Dataset excerpts:
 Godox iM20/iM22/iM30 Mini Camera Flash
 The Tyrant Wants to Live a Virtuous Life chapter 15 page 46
...
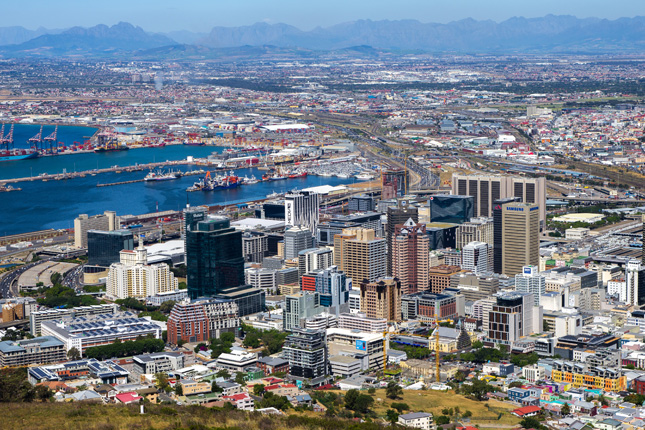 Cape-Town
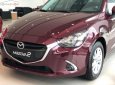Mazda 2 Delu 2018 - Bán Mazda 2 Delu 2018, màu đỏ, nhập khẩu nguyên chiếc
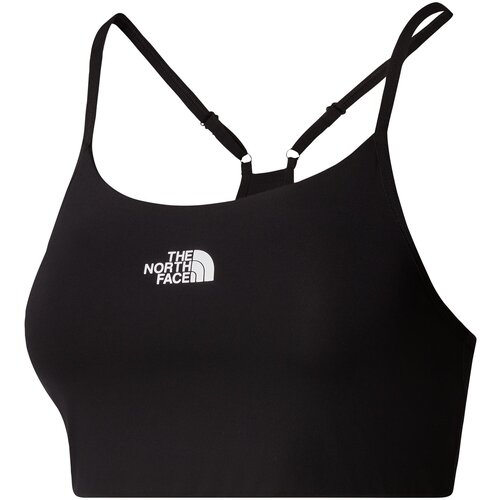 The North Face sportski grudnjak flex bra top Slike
...
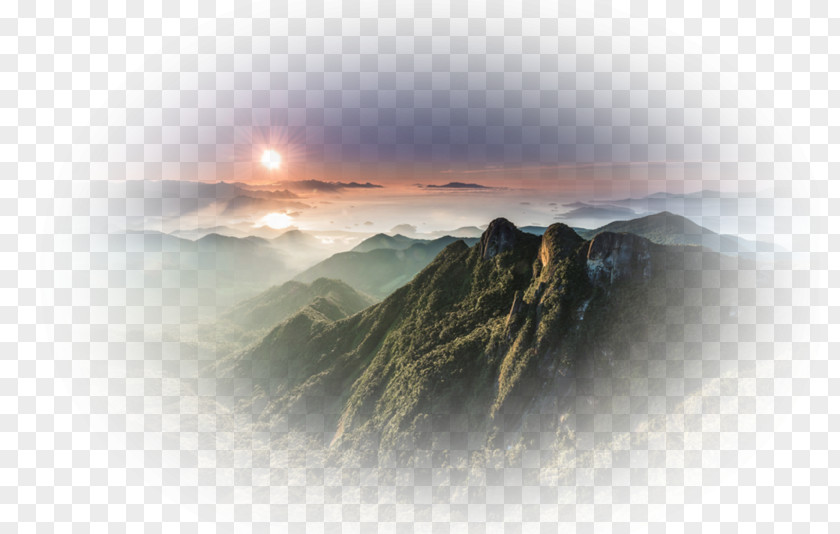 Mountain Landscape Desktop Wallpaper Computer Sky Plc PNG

What needs to be done: Exact duplication is required for the lines above, from the line that contains "Godox iM20/iM22/iM30 Mini Camera Flash" to the line that contains "The Tyrant Wants", inclusive; omit all others.

Solution for this exercise:
 Godox iM20/iM22/iM30 Mini Camera Flash
 The Tyrant Wants to Live a Virtuous Life chapter 15 page 46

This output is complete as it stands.